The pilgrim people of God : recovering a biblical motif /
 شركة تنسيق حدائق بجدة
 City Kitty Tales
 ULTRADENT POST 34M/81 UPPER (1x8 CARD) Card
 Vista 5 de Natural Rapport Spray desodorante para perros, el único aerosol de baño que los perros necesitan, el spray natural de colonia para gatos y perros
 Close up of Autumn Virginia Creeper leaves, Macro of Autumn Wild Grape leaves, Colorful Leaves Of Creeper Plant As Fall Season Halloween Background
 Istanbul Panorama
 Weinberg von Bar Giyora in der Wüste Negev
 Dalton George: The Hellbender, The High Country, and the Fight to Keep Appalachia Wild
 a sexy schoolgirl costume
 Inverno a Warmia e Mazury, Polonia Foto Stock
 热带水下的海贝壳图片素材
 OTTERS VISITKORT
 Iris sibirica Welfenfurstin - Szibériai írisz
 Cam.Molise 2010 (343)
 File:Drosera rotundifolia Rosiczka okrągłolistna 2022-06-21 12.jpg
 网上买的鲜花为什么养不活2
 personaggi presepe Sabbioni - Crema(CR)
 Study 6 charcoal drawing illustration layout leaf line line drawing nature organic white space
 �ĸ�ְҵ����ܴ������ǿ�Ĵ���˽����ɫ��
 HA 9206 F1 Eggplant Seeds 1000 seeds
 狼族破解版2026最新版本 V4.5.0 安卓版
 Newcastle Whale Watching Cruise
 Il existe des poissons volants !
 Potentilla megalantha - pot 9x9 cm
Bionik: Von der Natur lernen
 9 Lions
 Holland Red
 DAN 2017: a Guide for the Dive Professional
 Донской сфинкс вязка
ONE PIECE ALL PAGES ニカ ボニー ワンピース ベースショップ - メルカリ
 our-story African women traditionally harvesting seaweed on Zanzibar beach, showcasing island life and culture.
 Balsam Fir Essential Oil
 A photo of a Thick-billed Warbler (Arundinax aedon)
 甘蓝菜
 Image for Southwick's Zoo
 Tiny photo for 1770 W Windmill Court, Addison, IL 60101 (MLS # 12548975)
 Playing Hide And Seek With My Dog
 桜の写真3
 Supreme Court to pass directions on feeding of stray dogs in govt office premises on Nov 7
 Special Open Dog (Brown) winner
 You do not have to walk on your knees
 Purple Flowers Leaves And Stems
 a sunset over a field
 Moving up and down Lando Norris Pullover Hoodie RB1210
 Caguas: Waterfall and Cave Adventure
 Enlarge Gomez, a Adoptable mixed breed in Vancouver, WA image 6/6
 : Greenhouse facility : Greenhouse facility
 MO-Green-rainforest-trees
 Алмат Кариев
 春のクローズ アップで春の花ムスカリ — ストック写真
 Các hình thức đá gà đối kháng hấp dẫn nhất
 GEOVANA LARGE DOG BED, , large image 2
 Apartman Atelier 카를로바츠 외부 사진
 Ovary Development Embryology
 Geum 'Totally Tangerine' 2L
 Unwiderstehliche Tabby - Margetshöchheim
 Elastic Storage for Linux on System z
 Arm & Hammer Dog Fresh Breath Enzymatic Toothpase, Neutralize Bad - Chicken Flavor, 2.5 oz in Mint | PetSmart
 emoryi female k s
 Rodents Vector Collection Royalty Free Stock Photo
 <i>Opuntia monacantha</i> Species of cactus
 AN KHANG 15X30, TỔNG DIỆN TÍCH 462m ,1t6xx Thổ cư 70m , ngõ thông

•••••

* **TASK DIRECTIONS**: In full and without alteration, write out the data above.

* **OUTPUT FOR THIS TASK**:
The pilgrim people of God : recovering a biblical motif /
 شركة تنسيق حدائق بجدة
 City Kitty Tales
 ULTRADENT POST 34M/81 UPPER (1x8 CARD) Card
 Vista 5 de Natural Rapport Spray desodorante para perros, el único aerosol de baño que los perros necesitan, el spray natural de colonia para gatos y perros
 Close up of Autumn Virginia Creeper leaves, Macro of Autumn Wild Grape leaves, Colorful Leaves Of Creeper Plant As Fall Season Halloween Background
 Istanbul Panorama
 Weinberg von Bar Giyora in der Wüste Negev
 Dalton George: The Hellbender, The High Country, and the Fight to Keep Appalachia Wild
 a sexy schoolgirl costume
 Inverno a Warmia e Mazury, Polonia Foto Stock
 热带水下的海贝壳图片素材
 OTTERS VISITKORT
 Iris sibirica Welfenfurstin - Szibériai írisz
 Cam.Molise 2010 (343)
 File:Drosera rotundifolia Rosiczka okrągłolistna 2022-06-21 12.jpg
 网上买的鲜花为什么养不活2
 personaggi presepe Sabbioni - Crema(CR)
 Study 6 charcoal drawing illustration layout leaf line line drawing nature organic white space
 �ĸ�ְҵ����ܴ������ǿ�Ĵ���˽����ɫ��
 HA 9206 F1 Eggplant Seeds 1000 seeds
 狼族破解版2026最新版本 V4.5.0 安卓版
 Newcastle Whale Watching Cruise
 Il existe des poissons volants !
 Potentilla megalantha - pot 9x9 cm
Bionik: Von der Natur lernen
 9 Lions
 Holland Red
 DAN 2017: a Guide for the Dive Professional
 Донской сфинкс вязка
ONE PIECE ALL PAGES ニカ ボニー ワンピース ベースショップ - メルカリ
 our-story African women traditionally harvesting seaweed on Zanzibar beach, showcasing island life and culture.
 Balsam Fir Essential Oil
 A photo of a Thick-billed Warbler (Arundinax aedon)
 甘蓝菜
 Image for Southwick's Zoo
 Tiny photo for 1770 W Windmill Court, Addison, IL 60101 (MLS # 12548975)
 Playing Hide And Seek With My Dog
 桜の写真3
 Supreme Court to pass directions on feeding of stray dogs in govt office premises on Nov 7
 Special Open Dog (Brown) winner
 You do not have to walk on your knees
 Purple Flowers Leaves And Stems
 a sunset over a field
 Moving up and down Lando Norris Pullover Hoodie RB1210
 Caguas: Waterfall and Cave Adventure
 Enlarge Gomez, a Adoptable mixed breed in Vancouver, WA image 6/6
 : Greenhouse facility : Greenhouse facility
 MO-Green-rainforest-trees
 Алмат Кариев
 春のクローズ アップで春の花ムスカリ — ストック写真
 Các hình thức đá gà đối kháng hấp dẫn nhất
 GEOVANA LARGE DOG BED, , large image 2
 Apartman Atelier 카를로바츠 외부 사진
 Ovary Development Embryology
 Geum 'Totally Tangerine' 2L
 Unwiderstehliche Tabby - Margetshöchheim
 Elastic Storage for Linux on System z
 Arm & Hammer Dog Fresh Breath Enzymatic Toothpase, Neutralize Bad - Chicken Flavor, 2.5 oz in Mint | PetSmart
 emoryi female k s
 Rodents Vector Collection Royalty Free Stock Photo
 <i>Opuntia monacantha</i> Species of cactus
 AN KHANG 15X30, TỔNG DIỆN TÍCH 462m ,1t6xx Thổ cư 70m , ngõ thông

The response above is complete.